The Insider.com article 'We could have lost the Apollo 11 crew:' A once-classified anomaly nearly killed NASA's first moon astronauts, a new book reveals describes a problem during reentry of several Apollo missions where the Service Module jettison did not execute properly and so it remained dangerously close to the Command Module.
There is a lot of technical information in the NASA links. There seems to have been some sort of problem with sloshing that prevented the Service Module from continuing to move away from the Command Module, and this was addressed by a Service Module modification implemented for Apollo 14.

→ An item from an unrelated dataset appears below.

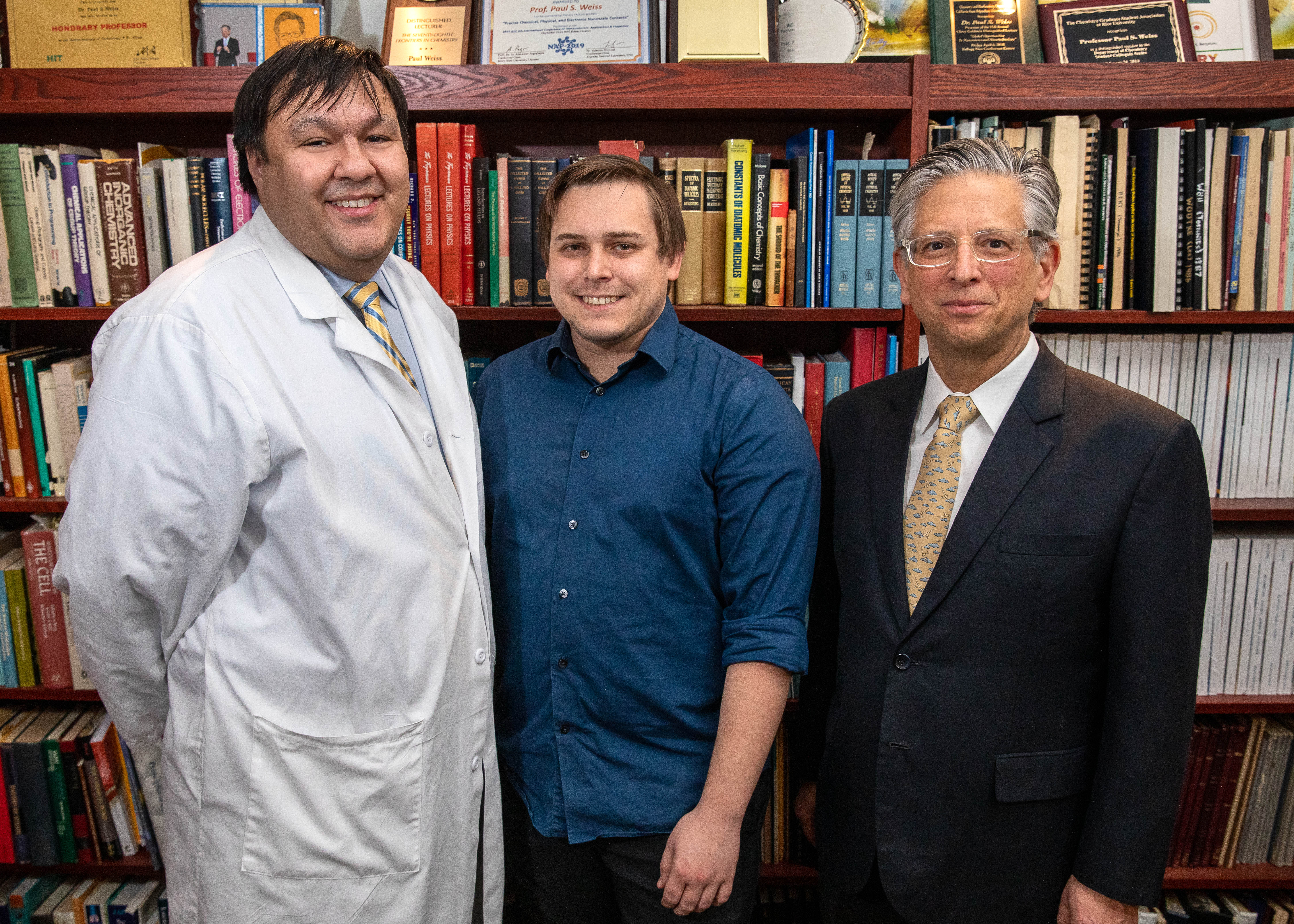 A photo of Dr. Steven Jonas, Jason Belling and Paul Weiss of UCLA .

Question: How did sloshing prevent the Apollo Service Module from moving safely away from the Command Module and how was this fixed? //
...the service module, upon being jettisoned on a lunar return flight, should have entered the earth's atmosphere, then skipped out into a highly elliptical earth orbit. Thus, the risk of recontact with the command module during entry would have been eliminated. However, on Apollo 8, 10 and 11, the service module did not skip out as expected. //
they reduced the roll burn time to get the proper roll rate and simply commanded the -X thrusters to burn for only 25 seconds instead of burning to propellant depletion. The service module would still tumble due to the sloshing, but without the thrusters firing, it wouldn't accelerate back toward the command module. The shorter separation burn would not be enough to prevent prompt reentry of the service module, but apparently that wasn't a necessary feature of the operation.
I think the article greatly overstates the seriousness of the anomaly, by the way; it didn't "nearly kill" the crew of Apollo 11.